What the task requires: A complete answer includes every line below with the word "Ferrari".

* * * * *

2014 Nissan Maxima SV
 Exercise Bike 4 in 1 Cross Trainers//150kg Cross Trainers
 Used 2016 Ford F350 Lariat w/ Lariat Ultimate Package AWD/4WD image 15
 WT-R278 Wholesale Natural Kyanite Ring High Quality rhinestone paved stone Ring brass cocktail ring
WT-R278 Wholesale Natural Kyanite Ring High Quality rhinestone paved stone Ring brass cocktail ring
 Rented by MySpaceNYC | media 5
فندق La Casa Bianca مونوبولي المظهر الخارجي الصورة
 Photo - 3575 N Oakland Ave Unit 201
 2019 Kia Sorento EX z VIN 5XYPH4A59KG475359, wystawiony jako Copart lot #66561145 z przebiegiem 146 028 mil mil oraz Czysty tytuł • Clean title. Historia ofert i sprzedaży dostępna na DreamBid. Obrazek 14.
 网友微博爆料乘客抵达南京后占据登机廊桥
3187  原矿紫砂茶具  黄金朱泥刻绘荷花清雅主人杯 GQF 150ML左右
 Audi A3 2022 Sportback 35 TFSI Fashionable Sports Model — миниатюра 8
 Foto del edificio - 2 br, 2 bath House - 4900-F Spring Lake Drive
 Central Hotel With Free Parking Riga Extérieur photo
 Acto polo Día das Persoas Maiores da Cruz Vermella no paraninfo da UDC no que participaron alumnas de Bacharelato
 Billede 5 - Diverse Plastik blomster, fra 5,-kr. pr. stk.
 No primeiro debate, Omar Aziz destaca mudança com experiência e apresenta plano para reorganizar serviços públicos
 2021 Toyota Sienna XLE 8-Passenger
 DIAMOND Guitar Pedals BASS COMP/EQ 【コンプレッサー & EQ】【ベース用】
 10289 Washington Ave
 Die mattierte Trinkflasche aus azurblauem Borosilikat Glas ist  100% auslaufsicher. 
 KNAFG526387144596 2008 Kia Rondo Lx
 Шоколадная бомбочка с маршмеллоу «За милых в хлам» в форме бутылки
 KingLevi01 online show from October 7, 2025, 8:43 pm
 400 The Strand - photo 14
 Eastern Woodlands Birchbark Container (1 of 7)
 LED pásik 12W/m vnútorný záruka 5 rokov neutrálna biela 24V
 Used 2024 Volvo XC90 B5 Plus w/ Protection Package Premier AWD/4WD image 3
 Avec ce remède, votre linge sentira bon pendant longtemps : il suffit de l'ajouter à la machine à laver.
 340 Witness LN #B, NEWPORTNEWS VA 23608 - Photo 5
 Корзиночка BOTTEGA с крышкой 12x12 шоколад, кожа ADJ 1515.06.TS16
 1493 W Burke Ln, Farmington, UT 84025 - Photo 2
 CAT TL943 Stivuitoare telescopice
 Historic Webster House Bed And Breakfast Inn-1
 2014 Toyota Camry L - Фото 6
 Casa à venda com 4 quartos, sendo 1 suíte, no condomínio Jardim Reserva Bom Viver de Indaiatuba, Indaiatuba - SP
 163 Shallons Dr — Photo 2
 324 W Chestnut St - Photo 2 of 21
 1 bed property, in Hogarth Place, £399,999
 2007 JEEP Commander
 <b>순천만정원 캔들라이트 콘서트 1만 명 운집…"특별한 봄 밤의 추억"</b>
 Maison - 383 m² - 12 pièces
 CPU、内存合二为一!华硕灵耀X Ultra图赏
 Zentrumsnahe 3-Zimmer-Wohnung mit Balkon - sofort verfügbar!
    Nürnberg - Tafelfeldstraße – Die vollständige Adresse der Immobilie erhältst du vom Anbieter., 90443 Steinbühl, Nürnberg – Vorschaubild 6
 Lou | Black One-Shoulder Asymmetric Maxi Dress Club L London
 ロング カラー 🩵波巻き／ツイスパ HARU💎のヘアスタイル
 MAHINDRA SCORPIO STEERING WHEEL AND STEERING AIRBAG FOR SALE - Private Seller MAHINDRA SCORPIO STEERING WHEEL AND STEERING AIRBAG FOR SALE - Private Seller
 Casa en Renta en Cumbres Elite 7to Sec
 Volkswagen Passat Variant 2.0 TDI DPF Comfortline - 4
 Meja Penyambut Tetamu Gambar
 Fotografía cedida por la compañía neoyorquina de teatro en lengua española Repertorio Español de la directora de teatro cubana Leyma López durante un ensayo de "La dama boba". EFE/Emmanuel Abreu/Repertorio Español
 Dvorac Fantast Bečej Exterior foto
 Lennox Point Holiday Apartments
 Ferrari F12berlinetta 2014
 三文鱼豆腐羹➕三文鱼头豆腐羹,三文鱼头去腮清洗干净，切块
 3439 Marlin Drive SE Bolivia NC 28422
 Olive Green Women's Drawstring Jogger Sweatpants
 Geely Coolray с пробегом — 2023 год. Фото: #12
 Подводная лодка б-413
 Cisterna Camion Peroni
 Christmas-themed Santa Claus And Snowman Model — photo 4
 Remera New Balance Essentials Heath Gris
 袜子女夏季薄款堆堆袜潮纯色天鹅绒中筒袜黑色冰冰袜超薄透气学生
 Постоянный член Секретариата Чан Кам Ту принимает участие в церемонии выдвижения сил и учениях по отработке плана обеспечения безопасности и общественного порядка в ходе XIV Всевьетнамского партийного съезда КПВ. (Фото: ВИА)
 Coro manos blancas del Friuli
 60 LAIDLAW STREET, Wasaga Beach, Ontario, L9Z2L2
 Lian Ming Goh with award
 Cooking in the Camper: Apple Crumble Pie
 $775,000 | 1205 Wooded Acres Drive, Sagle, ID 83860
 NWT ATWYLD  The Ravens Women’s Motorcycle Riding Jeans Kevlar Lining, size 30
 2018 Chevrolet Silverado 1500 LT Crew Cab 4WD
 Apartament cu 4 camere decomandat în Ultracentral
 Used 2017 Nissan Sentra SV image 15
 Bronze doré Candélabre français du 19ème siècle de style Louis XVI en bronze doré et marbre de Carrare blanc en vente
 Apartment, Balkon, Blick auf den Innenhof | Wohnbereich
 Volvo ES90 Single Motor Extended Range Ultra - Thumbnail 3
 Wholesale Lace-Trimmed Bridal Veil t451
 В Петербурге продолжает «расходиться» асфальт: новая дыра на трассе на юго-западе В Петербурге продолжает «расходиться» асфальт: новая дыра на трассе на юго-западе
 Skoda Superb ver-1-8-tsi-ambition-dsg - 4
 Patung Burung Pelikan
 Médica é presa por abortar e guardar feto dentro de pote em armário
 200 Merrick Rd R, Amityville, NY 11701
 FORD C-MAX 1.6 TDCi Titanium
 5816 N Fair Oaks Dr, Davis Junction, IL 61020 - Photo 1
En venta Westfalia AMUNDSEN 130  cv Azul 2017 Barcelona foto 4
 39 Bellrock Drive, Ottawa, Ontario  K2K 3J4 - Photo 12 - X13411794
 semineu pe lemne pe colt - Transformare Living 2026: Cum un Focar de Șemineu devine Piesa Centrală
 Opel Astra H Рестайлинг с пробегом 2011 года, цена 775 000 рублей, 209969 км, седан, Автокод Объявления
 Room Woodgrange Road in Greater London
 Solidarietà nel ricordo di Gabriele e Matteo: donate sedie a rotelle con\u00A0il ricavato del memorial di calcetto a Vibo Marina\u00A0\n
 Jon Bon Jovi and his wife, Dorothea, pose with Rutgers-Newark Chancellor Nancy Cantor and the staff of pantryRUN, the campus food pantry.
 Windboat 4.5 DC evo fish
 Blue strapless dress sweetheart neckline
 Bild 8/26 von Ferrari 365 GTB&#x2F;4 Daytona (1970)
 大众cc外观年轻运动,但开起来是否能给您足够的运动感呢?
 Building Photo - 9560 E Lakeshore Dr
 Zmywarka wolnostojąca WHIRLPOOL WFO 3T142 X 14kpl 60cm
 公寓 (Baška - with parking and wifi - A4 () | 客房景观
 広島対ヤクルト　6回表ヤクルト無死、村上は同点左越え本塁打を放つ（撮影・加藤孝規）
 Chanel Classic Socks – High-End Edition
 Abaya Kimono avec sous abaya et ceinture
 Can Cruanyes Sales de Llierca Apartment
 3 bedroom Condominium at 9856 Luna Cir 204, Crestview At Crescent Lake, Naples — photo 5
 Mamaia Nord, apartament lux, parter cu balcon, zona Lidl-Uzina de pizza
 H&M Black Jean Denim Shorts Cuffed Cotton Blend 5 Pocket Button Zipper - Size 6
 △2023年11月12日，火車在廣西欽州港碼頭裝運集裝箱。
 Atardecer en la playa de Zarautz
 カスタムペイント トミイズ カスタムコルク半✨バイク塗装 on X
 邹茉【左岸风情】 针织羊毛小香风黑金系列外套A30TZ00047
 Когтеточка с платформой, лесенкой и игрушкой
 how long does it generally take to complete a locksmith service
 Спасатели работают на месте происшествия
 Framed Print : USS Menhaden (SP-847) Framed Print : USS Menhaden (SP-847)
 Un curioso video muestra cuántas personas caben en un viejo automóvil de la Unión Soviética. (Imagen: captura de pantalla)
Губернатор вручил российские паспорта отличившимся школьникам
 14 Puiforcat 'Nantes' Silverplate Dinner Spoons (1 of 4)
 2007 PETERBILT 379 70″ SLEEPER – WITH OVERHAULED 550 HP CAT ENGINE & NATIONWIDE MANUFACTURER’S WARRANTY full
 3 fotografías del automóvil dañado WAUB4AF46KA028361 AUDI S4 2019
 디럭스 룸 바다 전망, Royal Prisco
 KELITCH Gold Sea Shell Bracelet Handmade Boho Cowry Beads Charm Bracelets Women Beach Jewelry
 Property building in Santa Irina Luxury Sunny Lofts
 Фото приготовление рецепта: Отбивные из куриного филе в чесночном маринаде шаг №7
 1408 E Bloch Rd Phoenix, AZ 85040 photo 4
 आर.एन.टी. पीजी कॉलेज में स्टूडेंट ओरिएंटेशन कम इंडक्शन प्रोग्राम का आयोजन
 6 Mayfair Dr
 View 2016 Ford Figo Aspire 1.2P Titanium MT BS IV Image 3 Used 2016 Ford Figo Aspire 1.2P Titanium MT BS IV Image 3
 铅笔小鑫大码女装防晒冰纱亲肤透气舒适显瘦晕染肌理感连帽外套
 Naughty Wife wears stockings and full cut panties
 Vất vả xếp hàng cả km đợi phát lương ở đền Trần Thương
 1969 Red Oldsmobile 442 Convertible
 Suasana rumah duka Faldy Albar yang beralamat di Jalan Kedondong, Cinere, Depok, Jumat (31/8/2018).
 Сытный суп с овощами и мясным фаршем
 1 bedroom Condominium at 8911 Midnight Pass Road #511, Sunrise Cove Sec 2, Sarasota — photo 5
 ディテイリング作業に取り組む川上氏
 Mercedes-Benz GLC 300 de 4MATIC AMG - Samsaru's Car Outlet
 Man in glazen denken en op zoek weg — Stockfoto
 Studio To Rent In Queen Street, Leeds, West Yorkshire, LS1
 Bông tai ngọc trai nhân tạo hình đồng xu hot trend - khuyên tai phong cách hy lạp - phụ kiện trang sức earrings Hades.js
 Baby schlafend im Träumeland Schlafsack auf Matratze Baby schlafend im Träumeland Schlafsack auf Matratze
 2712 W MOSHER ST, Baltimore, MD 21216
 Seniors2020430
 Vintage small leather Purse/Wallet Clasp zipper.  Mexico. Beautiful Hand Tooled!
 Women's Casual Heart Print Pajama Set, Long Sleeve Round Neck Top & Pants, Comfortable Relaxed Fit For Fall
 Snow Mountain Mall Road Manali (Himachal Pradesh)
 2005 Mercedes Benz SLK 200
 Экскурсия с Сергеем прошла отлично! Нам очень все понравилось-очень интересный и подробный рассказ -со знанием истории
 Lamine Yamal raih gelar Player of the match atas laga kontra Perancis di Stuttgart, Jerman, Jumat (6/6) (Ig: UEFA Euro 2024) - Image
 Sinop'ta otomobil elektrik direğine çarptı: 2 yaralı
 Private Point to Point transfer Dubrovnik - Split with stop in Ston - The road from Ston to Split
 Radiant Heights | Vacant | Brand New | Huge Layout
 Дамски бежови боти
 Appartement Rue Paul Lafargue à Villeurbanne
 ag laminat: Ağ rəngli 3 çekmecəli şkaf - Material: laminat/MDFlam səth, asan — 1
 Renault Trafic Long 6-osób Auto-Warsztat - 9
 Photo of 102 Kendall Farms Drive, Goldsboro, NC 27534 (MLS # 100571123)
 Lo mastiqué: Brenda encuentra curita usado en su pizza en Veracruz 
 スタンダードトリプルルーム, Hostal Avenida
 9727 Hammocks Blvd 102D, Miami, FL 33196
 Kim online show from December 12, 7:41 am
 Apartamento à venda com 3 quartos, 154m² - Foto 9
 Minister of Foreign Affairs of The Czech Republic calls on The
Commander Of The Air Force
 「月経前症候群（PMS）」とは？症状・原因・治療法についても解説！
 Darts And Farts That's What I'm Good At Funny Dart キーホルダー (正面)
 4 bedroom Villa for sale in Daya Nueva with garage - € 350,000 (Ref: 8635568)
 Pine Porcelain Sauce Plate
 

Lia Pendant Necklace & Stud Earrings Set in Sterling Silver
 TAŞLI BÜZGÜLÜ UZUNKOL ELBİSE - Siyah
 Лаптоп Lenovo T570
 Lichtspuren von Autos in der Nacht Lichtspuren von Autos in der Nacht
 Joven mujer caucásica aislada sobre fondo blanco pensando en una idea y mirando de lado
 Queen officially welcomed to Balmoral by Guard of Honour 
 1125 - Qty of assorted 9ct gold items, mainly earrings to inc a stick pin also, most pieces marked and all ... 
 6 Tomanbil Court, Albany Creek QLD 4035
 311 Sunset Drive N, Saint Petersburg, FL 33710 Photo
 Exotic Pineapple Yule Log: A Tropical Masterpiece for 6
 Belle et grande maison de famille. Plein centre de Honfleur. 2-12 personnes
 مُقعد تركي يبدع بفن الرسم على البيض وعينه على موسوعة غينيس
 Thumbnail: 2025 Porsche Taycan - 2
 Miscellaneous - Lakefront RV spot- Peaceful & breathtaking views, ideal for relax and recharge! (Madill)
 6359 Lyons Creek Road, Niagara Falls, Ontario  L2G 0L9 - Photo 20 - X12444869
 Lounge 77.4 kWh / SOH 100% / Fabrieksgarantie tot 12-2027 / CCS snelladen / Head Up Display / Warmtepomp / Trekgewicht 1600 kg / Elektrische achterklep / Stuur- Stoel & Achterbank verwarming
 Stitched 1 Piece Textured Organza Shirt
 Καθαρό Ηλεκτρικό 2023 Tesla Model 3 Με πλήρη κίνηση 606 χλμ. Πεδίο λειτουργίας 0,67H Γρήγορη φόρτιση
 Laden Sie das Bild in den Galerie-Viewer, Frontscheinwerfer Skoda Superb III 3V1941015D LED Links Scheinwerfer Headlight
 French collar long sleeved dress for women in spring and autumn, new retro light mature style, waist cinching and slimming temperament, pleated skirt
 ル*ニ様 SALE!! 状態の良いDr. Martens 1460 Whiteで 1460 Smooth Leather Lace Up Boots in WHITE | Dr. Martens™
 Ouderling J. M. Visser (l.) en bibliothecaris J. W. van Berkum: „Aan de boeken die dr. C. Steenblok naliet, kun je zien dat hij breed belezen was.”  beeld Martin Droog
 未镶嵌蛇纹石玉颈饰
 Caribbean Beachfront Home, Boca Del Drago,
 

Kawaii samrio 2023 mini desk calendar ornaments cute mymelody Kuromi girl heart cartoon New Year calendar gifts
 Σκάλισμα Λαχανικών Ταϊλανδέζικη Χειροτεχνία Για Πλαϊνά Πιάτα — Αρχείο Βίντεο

* * * * *

Response area:
 Ferrari F12berlinetta 2014
 Bild 8/26 von Ferrari 365 GTB&#x2F;4 Daytona (1970)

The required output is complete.